--- Task brief ---
Retype, with no pictures, each line from the one that holds "รัสเซียยืนยันค" through the last line of the entries below, both included.
**** Provided material
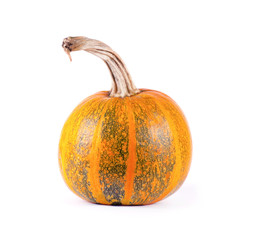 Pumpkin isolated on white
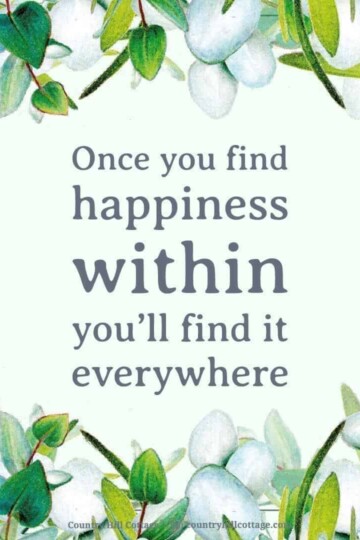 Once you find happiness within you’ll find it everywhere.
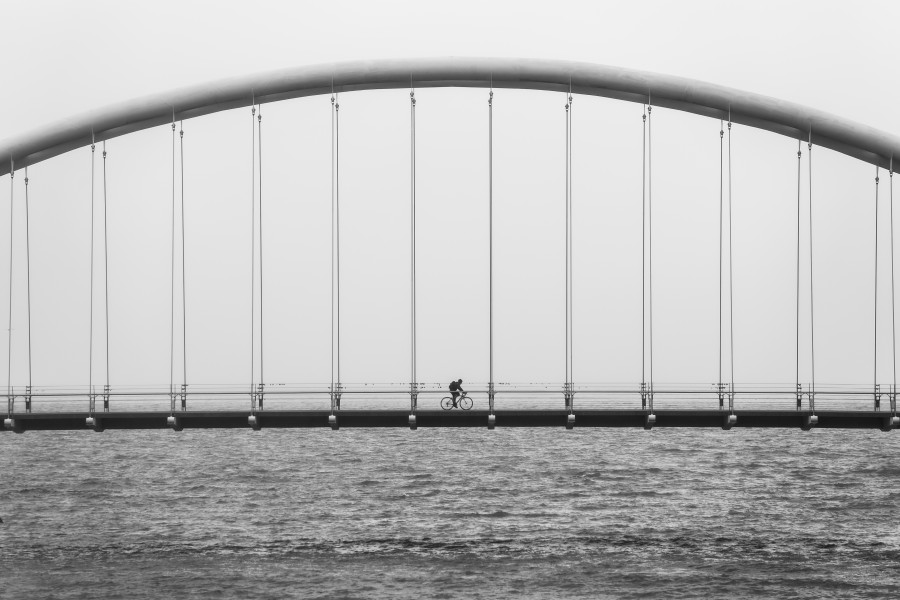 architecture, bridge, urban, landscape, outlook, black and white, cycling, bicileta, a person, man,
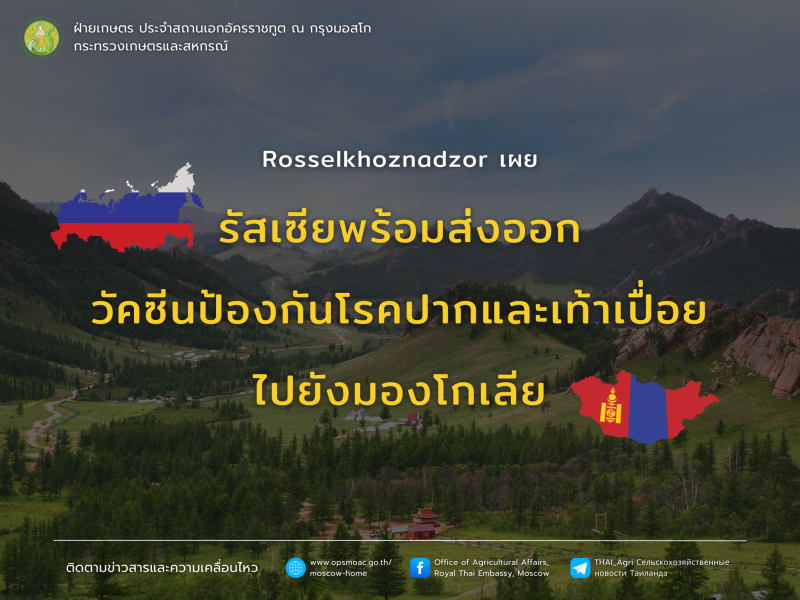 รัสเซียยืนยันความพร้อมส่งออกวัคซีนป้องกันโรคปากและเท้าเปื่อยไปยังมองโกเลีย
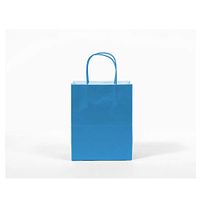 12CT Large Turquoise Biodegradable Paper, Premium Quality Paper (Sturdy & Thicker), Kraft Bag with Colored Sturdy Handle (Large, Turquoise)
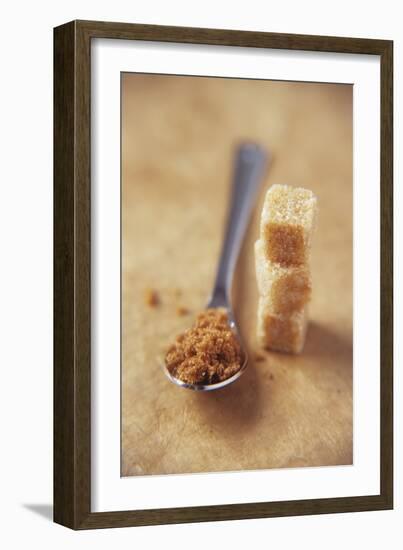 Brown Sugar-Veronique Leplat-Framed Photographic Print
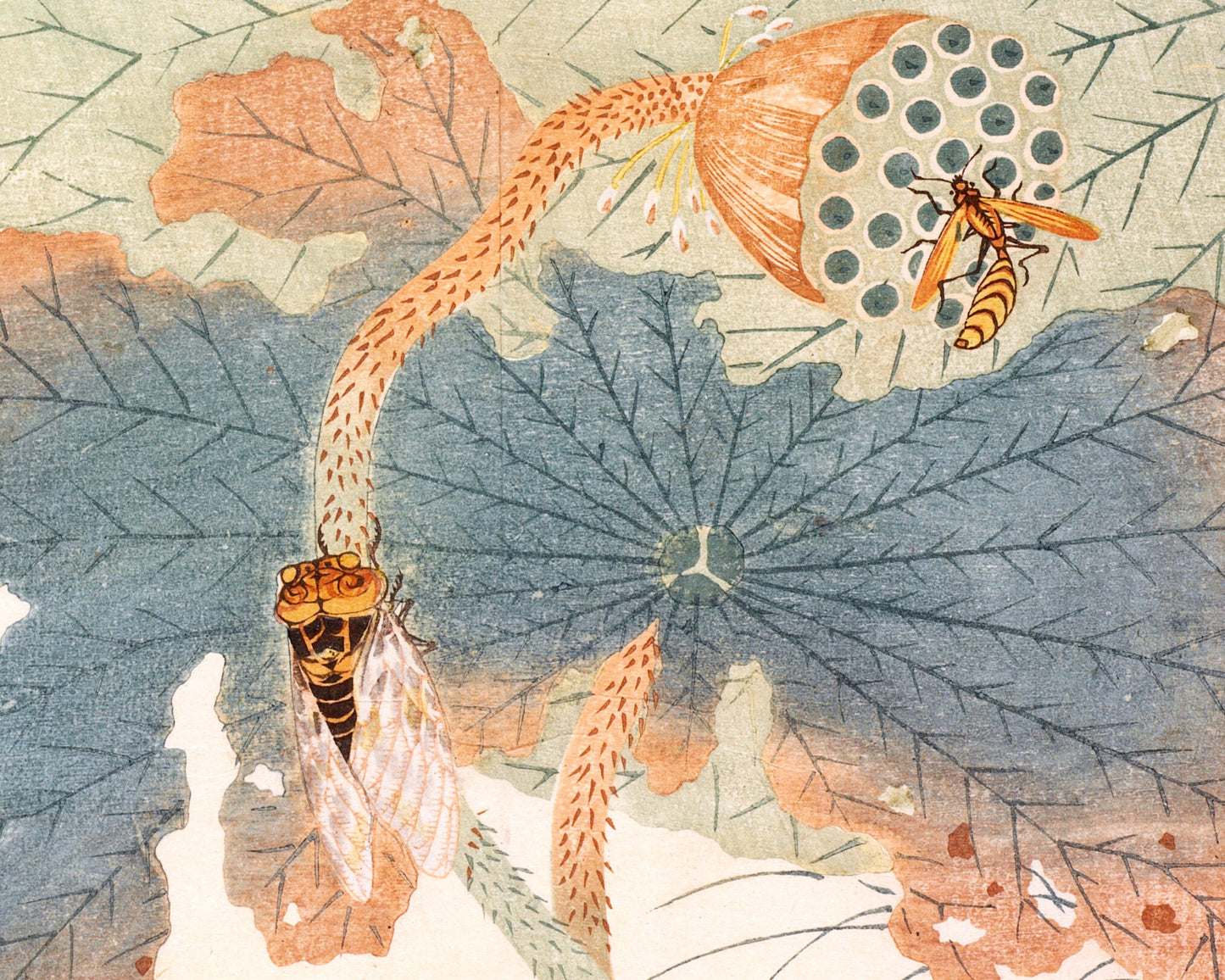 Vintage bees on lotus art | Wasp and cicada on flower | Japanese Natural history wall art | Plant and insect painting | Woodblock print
********
--- Finished exercise ---
 รัสเซียยืนยันความพร้อมส่งออกวัคซีนป้องกันโรคปากและเท้าเปื่อยไปยังมองโกเลีย
 12CT Large Turquoise Biodegradable Paper, Premium Quality Paper (Sturdy & Thicker), Kraft Bag with Colored Sturdy Handle (Large, Turquoise)
 Brown Sugar-Veronique Leplat-Framed Photographic Print
 Vintage bees on lotus art | Wasp and cicada on flower | Japanese Natural history wall art | Plant and insect painting | Woodblock print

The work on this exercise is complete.